[Data for this exercise Boundary: Start]
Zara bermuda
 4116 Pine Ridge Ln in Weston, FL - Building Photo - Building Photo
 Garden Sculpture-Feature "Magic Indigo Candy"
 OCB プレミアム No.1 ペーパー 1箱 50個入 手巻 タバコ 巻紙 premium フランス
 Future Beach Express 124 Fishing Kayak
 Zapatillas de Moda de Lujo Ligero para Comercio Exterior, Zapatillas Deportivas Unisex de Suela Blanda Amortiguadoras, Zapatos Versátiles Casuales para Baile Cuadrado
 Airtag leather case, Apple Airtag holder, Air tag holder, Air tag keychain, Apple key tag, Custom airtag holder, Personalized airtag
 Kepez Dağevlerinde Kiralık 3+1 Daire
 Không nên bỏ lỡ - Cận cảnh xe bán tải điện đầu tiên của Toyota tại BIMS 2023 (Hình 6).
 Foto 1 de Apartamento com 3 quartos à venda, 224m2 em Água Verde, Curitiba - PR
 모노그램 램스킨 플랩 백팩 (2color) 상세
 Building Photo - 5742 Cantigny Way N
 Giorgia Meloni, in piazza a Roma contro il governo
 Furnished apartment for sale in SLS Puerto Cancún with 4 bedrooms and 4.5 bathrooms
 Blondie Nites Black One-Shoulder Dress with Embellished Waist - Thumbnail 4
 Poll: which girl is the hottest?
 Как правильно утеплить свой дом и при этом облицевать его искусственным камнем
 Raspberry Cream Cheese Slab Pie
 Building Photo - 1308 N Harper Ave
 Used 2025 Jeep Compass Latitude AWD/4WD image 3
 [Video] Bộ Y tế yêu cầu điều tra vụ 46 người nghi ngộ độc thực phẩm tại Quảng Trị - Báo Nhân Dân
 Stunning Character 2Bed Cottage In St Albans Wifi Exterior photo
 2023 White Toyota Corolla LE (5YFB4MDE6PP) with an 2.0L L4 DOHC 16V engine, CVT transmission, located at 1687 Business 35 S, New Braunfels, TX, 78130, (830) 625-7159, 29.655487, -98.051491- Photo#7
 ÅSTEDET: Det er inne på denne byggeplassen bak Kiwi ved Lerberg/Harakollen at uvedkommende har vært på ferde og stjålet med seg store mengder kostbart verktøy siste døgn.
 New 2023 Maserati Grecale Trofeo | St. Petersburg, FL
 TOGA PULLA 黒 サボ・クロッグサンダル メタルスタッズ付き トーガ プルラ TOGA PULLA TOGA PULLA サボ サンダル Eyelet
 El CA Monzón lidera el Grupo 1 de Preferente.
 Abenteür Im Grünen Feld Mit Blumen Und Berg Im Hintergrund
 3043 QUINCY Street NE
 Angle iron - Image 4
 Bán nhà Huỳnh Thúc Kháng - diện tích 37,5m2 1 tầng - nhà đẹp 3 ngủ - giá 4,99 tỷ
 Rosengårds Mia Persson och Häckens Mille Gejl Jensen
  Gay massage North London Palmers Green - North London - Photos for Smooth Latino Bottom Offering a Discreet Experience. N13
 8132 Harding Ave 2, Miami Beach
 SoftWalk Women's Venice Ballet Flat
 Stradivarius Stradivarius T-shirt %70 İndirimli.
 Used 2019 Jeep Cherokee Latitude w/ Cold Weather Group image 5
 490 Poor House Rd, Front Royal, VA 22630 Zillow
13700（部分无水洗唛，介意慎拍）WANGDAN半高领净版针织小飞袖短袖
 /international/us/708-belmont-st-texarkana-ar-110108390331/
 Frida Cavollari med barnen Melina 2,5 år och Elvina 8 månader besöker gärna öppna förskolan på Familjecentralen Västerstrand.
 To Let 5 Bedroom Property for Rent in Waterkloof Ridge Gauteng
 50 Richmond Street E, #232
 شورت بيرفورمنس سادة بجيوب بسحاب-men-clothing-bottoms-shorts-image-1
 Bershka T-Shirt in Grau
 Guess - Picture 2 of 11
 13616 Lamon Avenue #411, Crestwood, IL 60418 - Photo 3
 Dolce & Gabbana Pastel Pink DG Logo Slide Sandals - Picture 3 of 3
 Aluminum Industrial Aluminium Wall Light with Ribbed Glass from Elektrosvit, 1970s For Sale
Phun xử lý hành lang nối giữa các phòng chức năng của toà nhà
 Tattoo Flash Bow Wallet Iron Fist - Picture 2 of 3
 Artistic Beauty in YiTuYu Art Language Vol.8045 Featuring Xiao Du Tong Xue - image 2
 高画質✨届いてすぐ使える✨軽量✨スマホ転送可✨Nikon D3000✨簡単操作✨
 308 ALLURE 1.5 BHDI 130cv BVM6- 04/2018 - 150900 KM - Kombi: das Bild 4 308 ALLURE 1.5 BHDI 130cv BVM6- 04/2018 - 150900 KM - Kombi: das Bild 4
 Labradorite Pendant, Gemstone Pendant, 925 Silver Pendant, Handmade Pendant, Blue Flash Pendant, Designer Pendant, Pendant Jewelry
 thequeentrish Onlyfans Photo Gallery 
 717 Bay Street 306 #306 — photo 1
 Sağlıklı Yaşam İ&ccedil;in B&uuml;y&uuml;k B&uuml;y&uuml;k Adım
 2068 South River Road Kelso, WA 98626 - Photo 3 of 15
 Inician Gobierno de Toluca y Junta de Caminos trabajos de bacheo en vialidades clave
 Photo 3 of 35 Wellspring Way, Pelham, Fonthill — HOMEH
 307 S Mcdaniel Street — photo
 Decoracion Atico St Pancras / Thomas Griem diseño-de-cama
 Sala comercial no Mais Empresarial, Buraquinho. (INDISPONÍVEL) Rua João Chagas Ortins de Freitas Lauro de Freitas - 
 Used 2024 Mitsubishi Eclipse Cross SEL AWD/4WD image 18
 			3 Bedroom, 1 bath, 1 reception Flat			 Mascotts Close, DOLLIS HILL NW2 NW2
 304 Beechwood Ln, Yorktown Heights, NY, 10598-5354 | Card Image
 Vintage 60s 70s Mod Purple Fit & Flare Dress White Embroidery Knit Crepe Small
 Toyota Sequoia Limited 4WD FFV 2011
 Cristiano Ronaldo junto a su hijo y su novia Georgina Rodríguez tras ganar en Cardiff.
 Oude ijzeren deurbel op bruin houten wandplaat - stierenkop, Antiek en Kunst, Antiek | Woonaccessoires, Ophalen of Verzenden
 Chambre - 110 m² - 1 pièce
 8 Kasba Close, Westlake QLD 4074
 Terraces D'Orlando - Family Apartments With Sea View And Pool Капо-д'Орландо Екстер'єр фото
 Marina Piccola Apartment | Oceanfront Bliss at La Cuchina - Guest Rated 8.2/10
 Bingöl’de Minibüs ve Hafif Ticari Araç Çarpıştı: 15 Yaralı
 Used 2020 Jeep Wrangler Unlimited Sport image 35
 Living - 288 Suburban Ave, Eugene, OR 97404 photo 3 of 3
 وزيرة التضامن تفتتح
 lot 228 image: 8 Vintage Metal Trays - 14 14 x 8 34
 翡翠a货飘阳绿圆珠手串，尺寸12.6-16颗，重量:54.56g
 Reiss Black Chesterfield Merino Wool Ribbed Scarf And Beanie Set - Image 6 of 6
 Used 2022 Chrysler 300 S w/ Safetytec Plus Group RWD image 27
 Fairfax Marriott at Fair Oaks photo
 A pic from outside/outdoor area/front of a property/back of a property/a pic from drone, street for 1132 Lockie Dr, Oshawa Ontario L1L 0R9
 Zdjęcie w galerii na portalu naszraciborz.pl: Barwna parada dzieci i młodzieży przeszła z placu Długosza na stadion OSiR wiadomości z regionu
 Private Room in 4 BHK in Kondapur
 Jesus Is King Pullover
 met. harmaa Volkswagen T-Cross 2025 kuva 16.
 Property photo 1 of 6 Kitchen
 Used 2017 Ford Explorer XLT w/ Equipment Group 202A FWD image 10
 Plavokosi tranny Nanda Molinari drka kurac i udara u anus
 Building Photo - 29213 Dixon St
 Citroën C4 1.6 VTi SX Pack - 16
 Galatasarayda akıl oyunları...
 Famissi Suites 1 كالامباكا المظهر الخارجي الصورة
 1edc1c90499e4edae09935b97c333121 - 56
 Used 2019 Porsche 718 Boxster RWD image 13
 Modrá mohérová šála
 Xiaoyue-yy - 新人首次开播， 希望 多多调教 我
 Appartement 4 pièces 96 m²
[Data for this exercise Boundary: End]
Task directions
Beginning with the first line of the entries, repeat each line exactly until you have reproduced the one containing "Airtag leather case, Apple", and add nothing further.

Final answer
Zara bermuda
 4116 Pine Ridge Ln in Weston, FL - Building Photo - Building Photo
 Garden Sculpture-Feature "Magic Indigo Candy"
 OCB プレミアム No.1 ペーパー 1箱 50個入 手巻 タバコ 巻紙 premium フランス
 Future Beach Express 124 Fishing Kayak
 Zapatillas de Moda de Lujo Ligero para Comercio Exterior, Zapatillas Deportivas Unisex de Suela Blanda Amortiguadoras, Zapatos Versátiles Casuales para Baile Cuadrado
 Airtag leather case, Apple Airtag holder, Air tag holder, Air tag keychain, Apple key tag, Custom airtag holder, Personalized airtag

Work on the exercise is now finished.